## TASK DETAILS
Instruction for the data below: set down exactly the lines from the line with "Crowds of people" to the line with "Elegant dining setup", inclusive, and no others.

## THE INPUT
--------
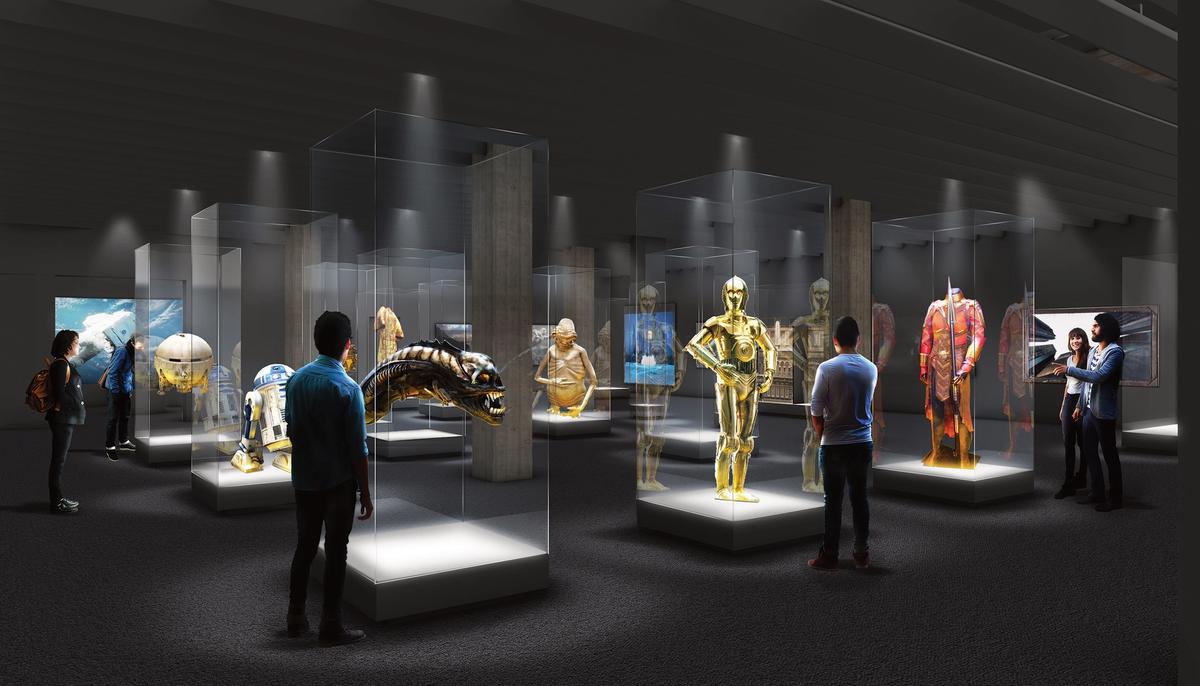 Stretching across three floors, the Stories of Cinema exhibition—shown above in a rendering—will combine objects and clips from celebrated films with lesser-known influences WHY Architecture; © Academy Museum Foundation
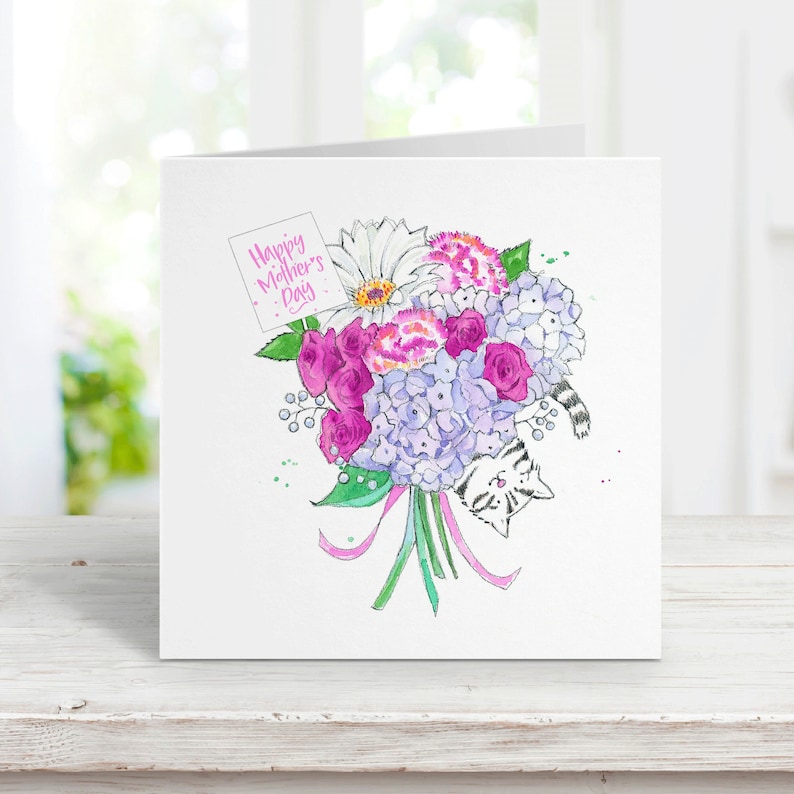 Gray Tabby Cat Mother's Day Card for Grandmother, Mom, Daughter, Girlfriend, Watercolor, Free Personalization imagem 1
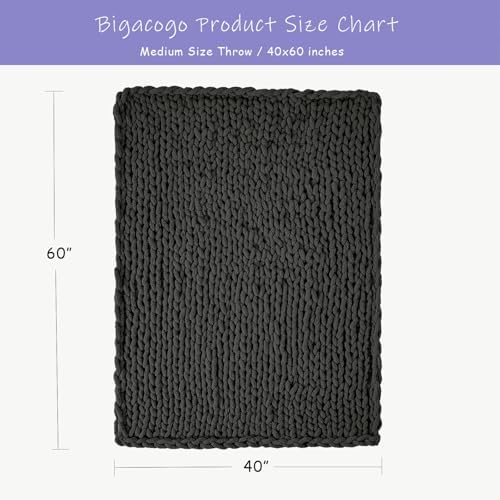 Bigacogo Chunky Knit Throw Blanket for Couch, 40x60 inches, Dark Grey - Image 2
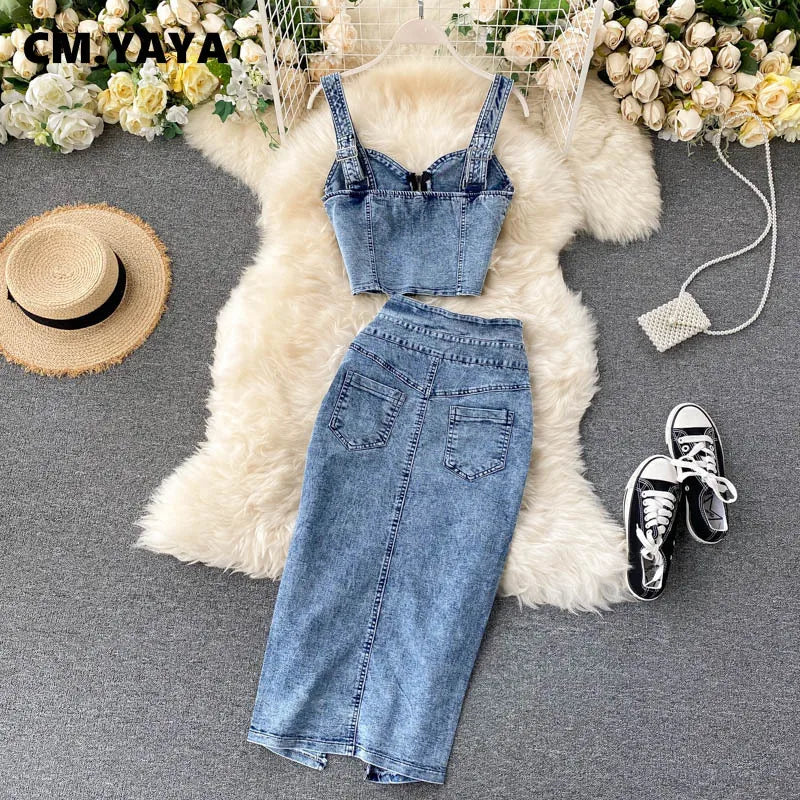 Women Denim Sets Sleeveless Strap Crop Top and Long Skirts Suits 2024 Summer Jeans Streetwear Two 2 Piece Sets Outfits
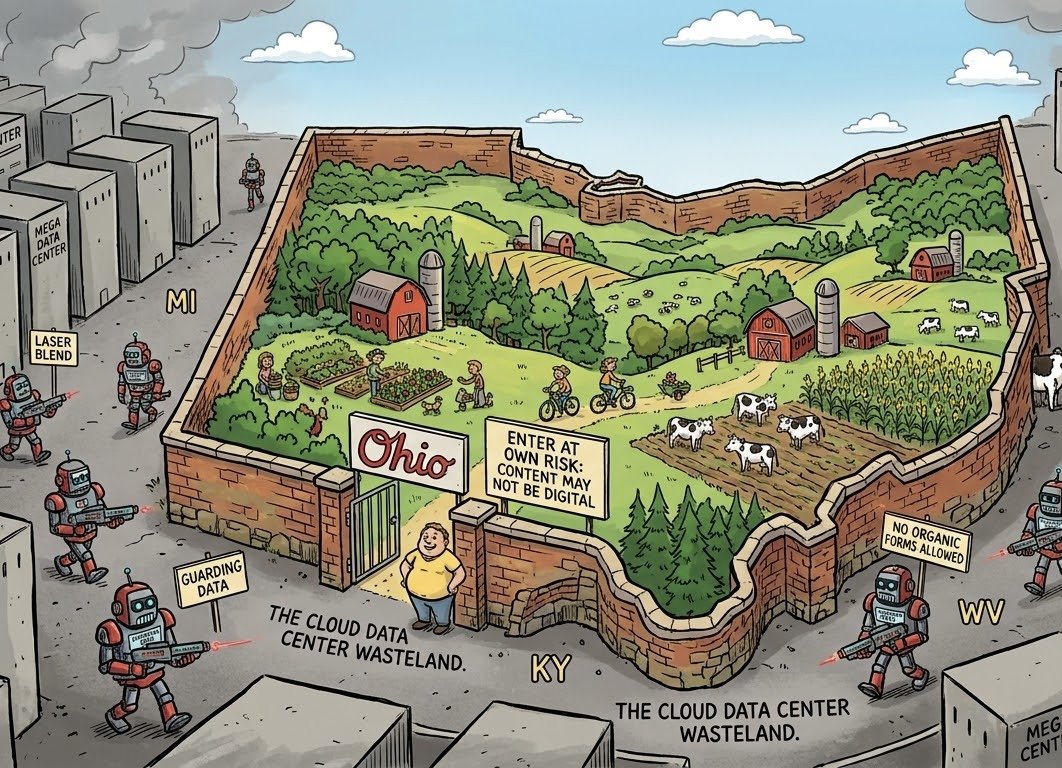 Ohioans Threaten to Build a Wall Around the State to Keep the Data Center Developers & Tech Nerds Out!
--------
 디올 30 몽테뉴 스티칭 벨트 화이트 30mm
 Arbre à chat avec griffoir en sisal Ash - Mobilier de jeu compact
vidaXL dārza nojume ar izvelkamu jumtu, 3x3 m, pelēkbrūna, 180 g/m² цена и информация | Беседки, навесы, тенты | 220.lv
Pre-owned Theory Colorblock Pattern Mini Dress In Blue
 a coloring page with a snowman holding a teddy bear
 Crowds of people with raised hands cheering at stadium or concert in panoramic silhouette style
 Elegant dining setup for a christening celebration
--------
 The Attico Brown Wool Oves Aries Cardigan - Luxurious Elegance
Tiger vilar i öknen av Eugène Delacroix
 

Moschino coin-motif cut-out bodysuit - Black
--------
## RESPONSE AREA
 Crowds of people with raised hands cheering at stadium or concert in panoramic silhouette style
 Elegant dining setup for a christening celebration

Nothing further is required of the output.